Another channel used by recruiting officers is the possibility of obtaining American citizenship. Since 2002, more than 187,000 service members have obtained U.S. citizenship through military naturalisation. While you do still need to have a valid green card to enlist, the process of naturalisation is extremely simplified, and the typical 5-year permanent residence requirement is waived. For some lawful permanent residents, this makes military service not only a source of income but also a route to faster legal and social inclusion in the United States.
No More Fighting for Ideals?
The parallels in Russia’s and the US's recruitment strategies highlight a broader problem facing many developed states: voluntary military service has become harder to sustain. Russia has had to offer increasingly high salaries and bonuses to attract contract soldiers, while also seeking recruits from abroad. The United States Army has also struggled with recruitment in recent years, with only around 23% of youth being fit for service, and 87% saying they are unlikely to consider military service.

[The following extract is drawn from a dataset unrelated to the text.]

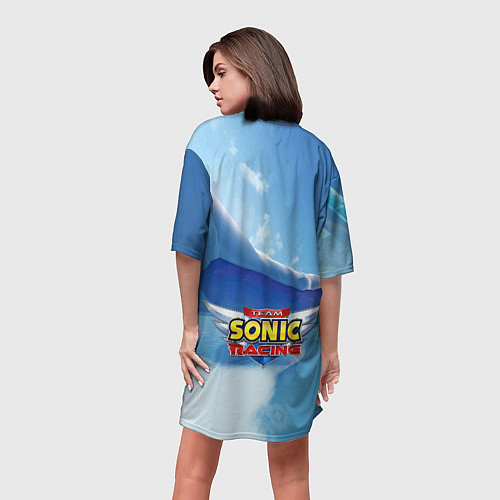 Женская длинная футболка Blaze the Cat - Team Sonic racing / 3D-принт – фото 4
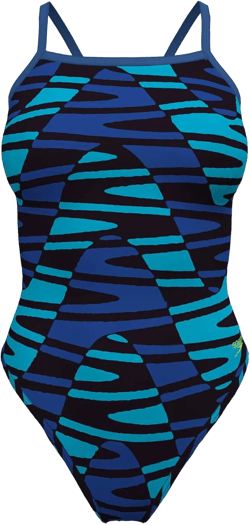 Speedo Women's Disco Boom Flyback Swimsuit (US, Numeric, 34, Regular, Regular, Standard, Blue)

This trend can also be seen in Western European nations like Germany, France, and the United Kingdom.
In the former Eastern Bloc, military service was obligatory. In combination with a lack of basic human rights, it meant that serving in the military became a part of life for generations. As mobilisation became less strict and Cold War tensions began to ease, serving in the army stopped being the norm. Once military service stopped being compulsory or socially expected, states had to find new ways to attract recruits. In many cases economic incentives became the one of the most effective substitutes. In the West, military service often remained more attractive to those with fewer economic opportunities and fewer alternative paths to stability. Yet as living standards improved and more employment opportunities became accessible, the number of people for whom the military was the only way out of poverty declined sharply. It is notable that nations like Russia and the USA, which have greater wealth inequality, are those where the recruitment shortage is less pronounced than in Western European nations. Where civilian opportunities are broader and welfare systems stronger, states have a harder time persuading citizens to accept the risks of military service on purely economic grounds.

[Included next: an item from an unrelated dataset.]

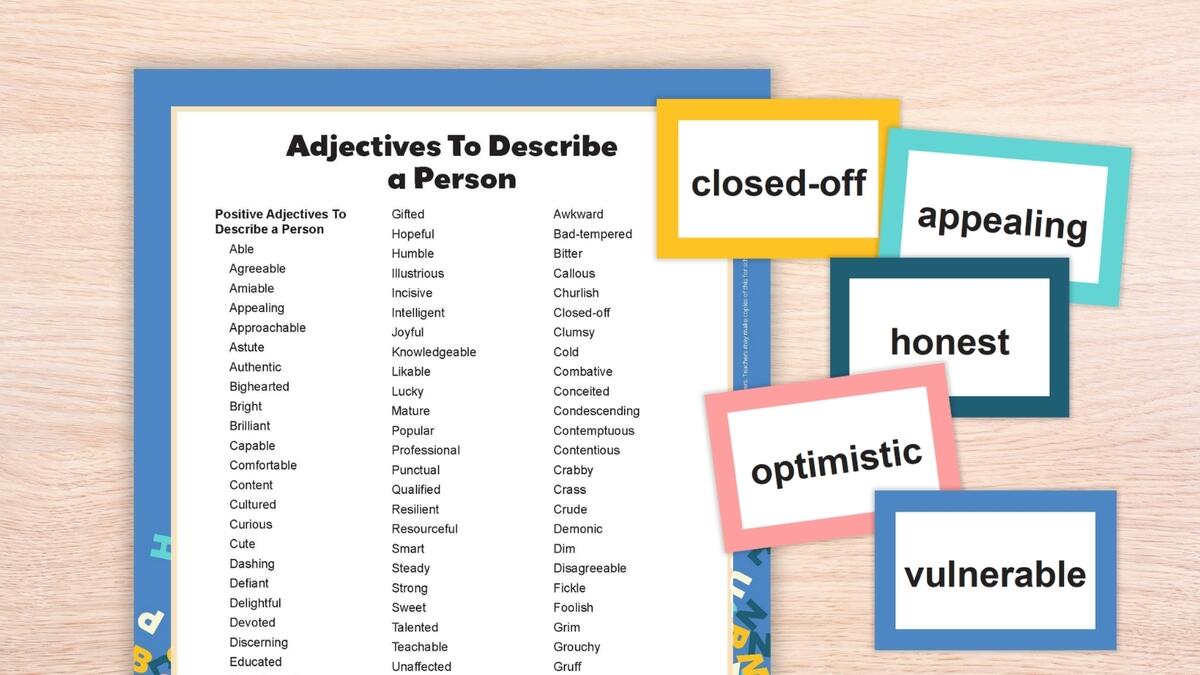 400 Eloquent Adjectives To Describe A Person Free Printables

Serving in the army across many cultures is portrayed primarily as a way to protect your nation and serve some higher purpose. It is impossible to measure whether the percentage of people who enlist in the military for idealistic purposes has declined over the decades. Surges in voluntary enlistment across Europe and North America usually occurred during periods of existential danger to the country they served. In developed countries, this is not the case. Wars are seen as endless political endeavours or something that can be resolved without your involvement, rather than as immediate struggles for national survival. As a result, appeals to patriotism alone are often no longer enough to fill the ranks.
What has remained consistent over the years is that a large share of people are joining the army to advance their careers and escape terrible living conditions. Thus, it should not be surprising that even today, the weaponisation of poverty still serves as one of the main recruitment tools for countries without a mandatory draft. The Russian case pushes this logic to an extreme, but it is a part of a wider pattern. Where states cannot compel military service, they often rely on economic insecurity to make it attractive. The policy implication is ugly and clear. As long as large parts of the population see military service as one of their few realistic paths to stability, poverty will remain embedded in how voluntary armies recruit.